Although these days the merits of the generic object methodology are unquestionable, it is still surprisingly easy to apply it incorrectly or for the wrong purpose. It may be tempting to see it as a “cool” new architecture that is more powerful, expressive, or simply elegant than the old C++ class hierarchy. But if this is all you see in it, you are likely to miss out on the significant benefit described in this article: establishing a clear and universal way of thinking about your game. This is because to establish such a vision, you not only need to enable it, you also have to enforce it. If your architecture endorses alternative ways of implementing functionality, inevitably both will be used and the choice between them will be arbitrary. For example, if you permit inheritance between components, the message of aggregation over inheritance will become muddled and the benefits of the former ultimately reduced, as programmers switch randomly between paradigms. Similarly, I’m strongly against exposing the composition of generic objects to the rest of the game, as this leads to increased coupling, in other words reduced portability of components.

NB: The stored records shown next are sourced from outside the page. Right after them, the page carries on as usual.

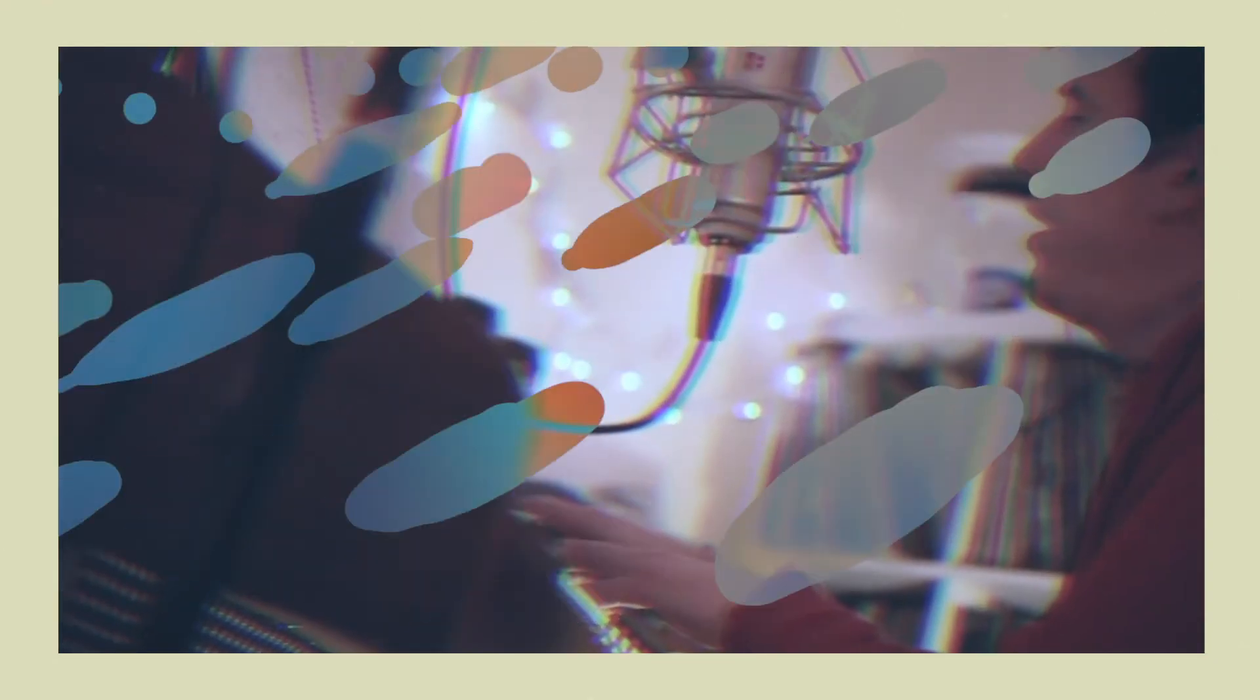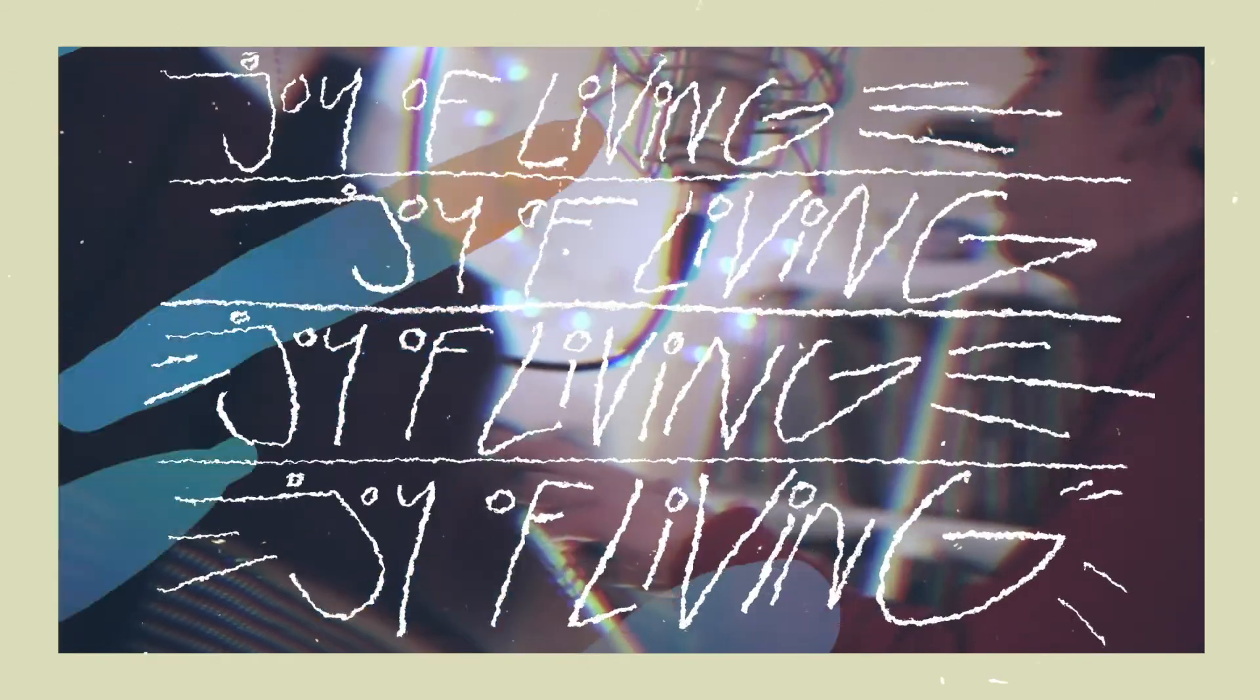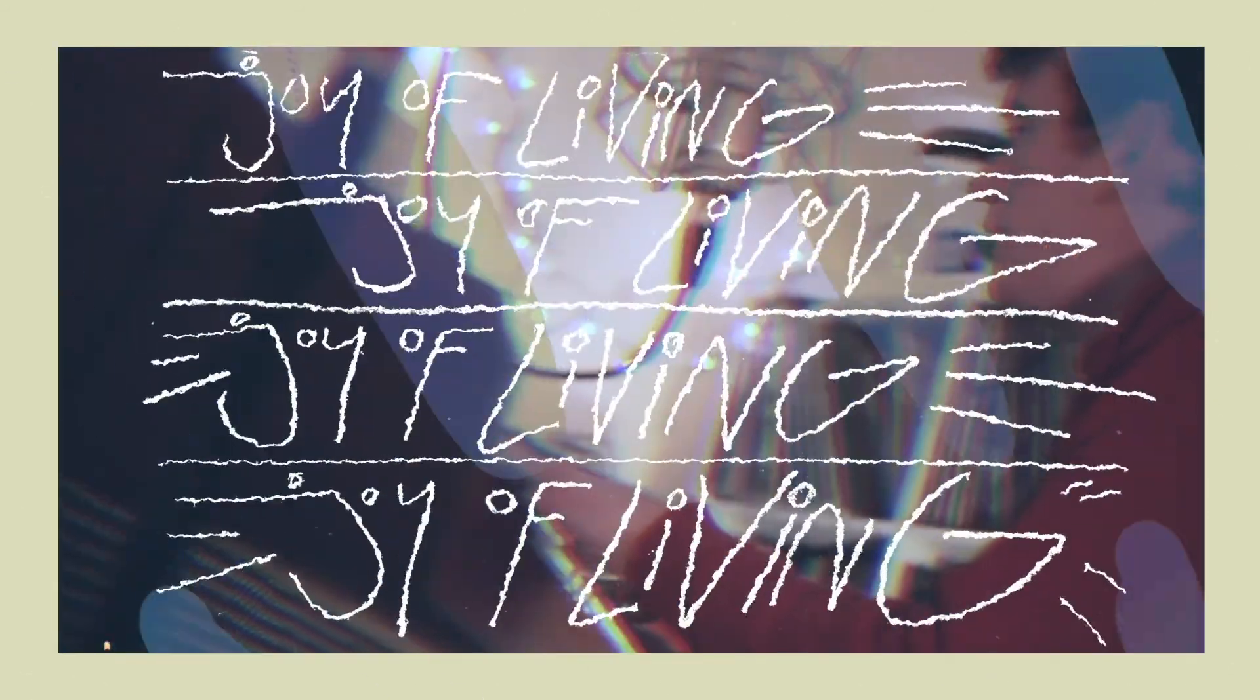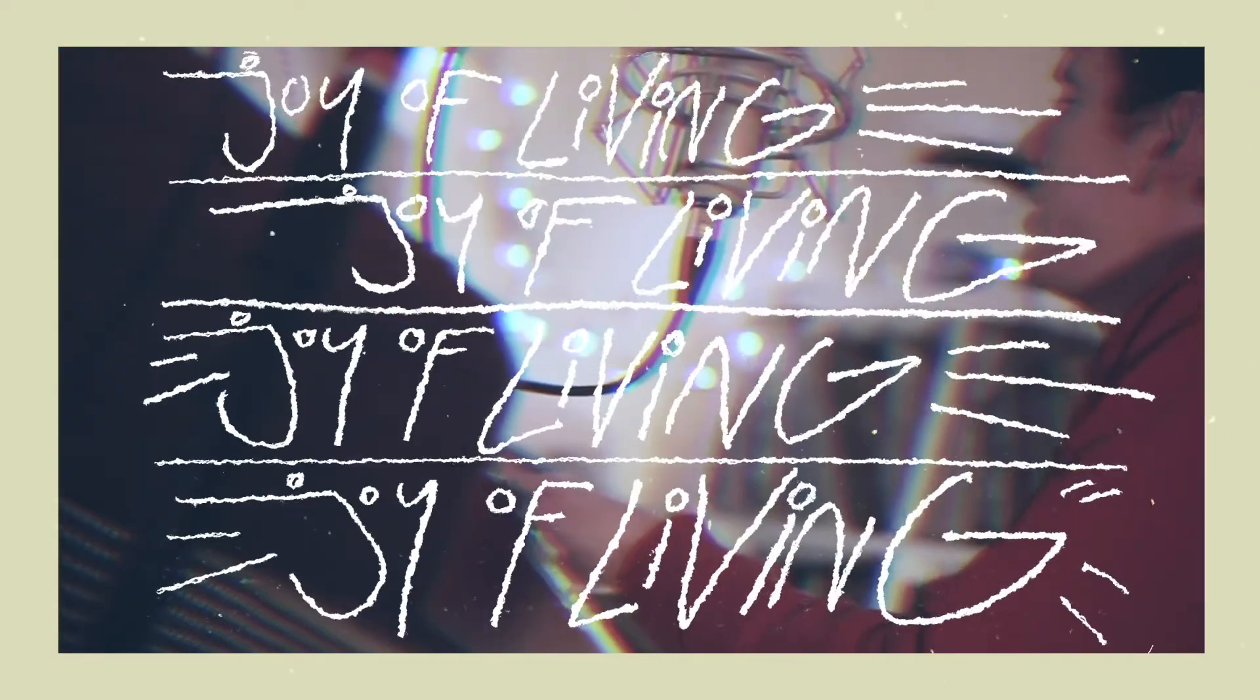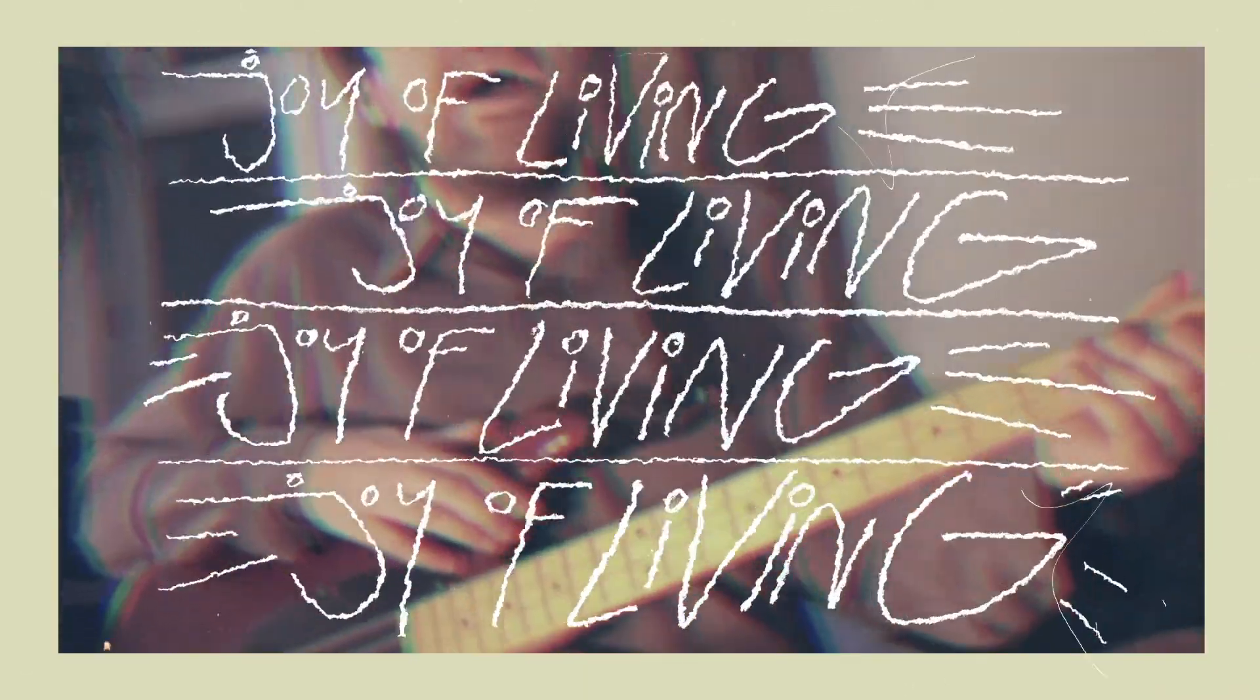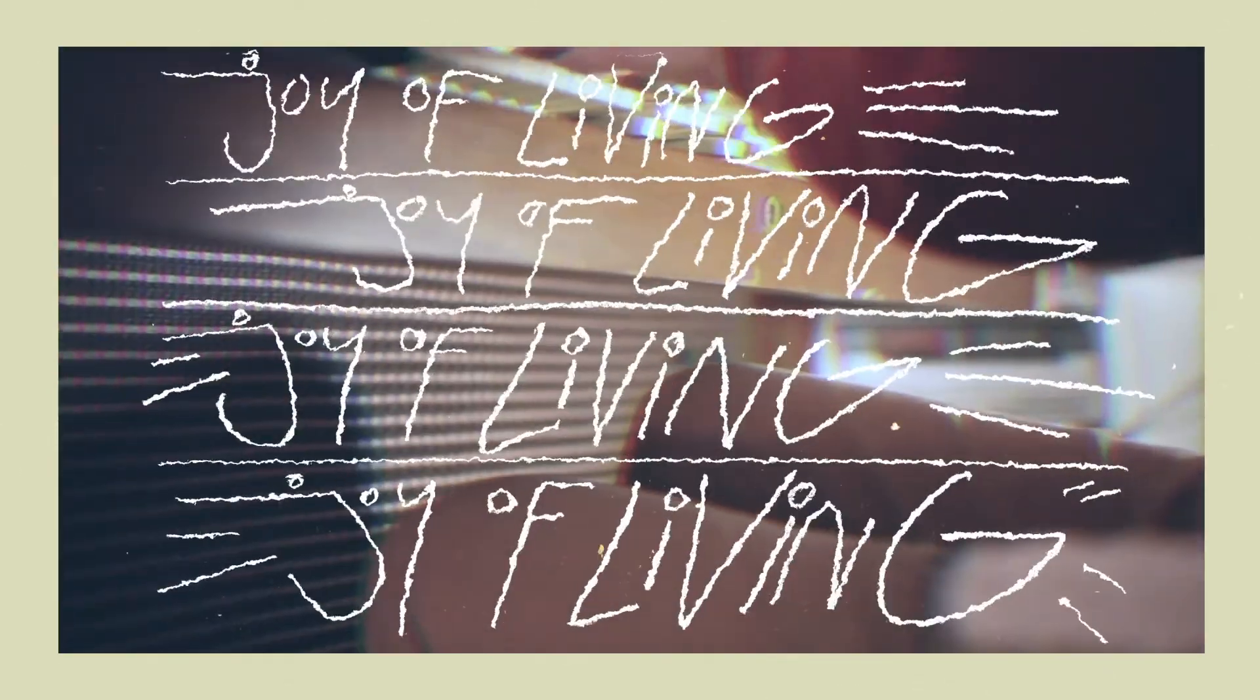When you find the joy of living, you won't need answers for everything. Don't fret, your life is just beginning.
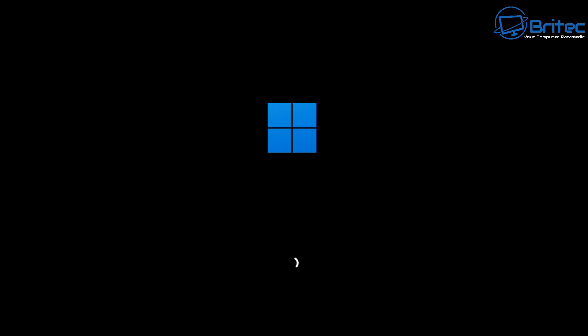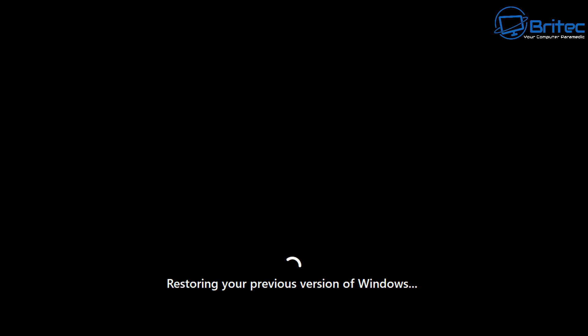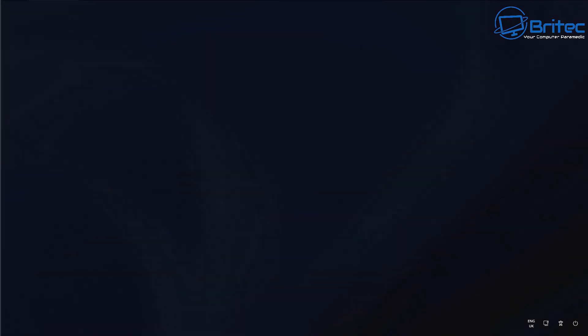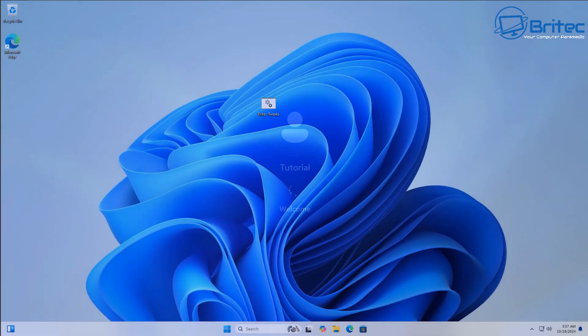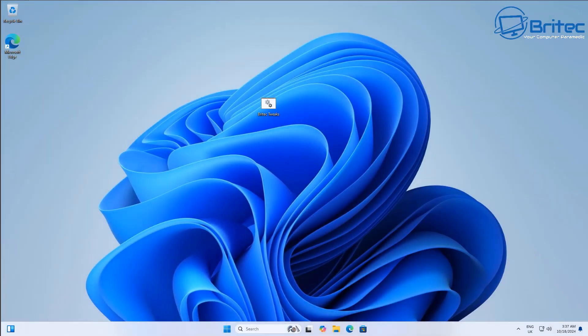It doesn't give you any other options. It will just start the process and start rebooting the PC and then you'll see restoring your previous version of Windows. So this is another way of doing it but there's a little bit less control over this method than the other method. I've speeded this process up but once this is done you should be back to the desktop on your version of 23H2 which you had on the PC before.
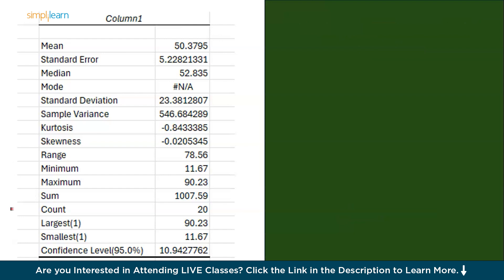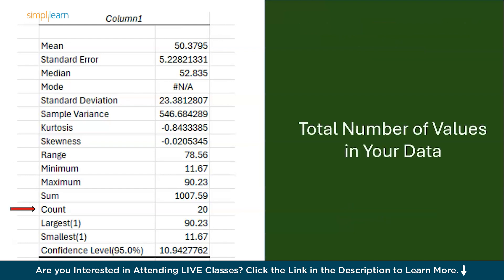Then we have count. This is the total number of values in the sheet. In my case it's 20. It will vary in everyone else.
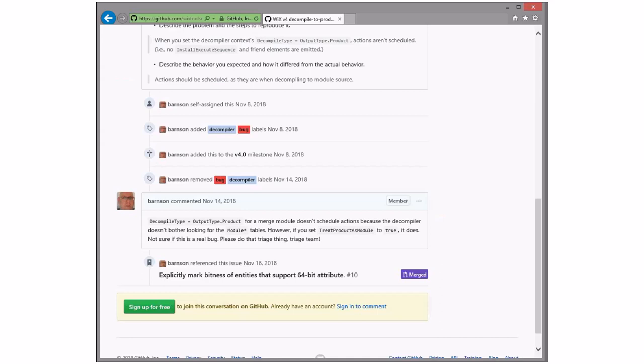It's that decompile type, decompile a merge module as a product. Yes. It does some funky things. Or rather, in this case, it does the right thing. If you set that property, then the right thing happens. And I think it is actually working correctly.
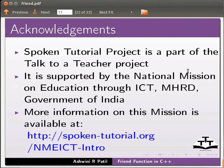More information on this mission is available at the link shown below. This is Ashwini Patel from IIT Bombay signing off. Thank you for joining.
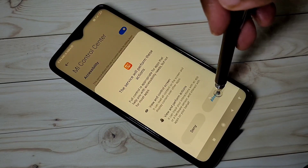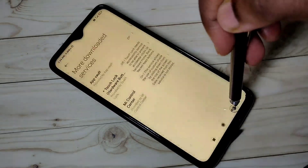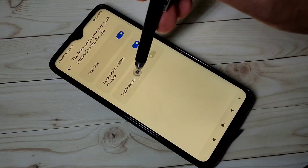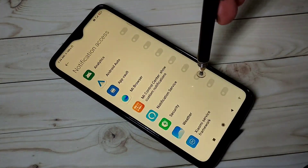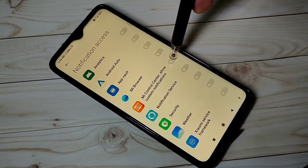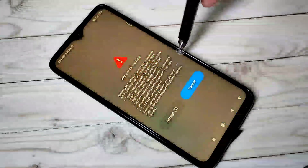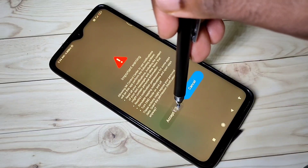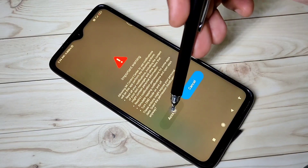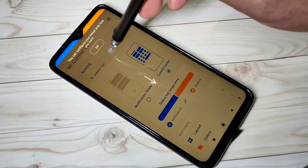Then tap on Allow. Done. Then go back. Next, we need to enable Notifications. Tap here, then tap on MI Control Center Show Custom Notifications. Then tap on Accept. Done.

Enforcement of such conventions is bound to stir controversy in many a team, as many will argue that it stifles creativity or freedom to pick the most optimal solution. Yet, as many of us are discovering, that freedom comes at the price of spending ever more time reading ever larger and ever more complex codebases. Increasingly, we have to contend with the limitations of the human brain and take it into account when organising our code. Fortunately, it doesn’t take a cognitive scientist to do this; all we need to do is remember that the compiler is not the only audience of a computer program.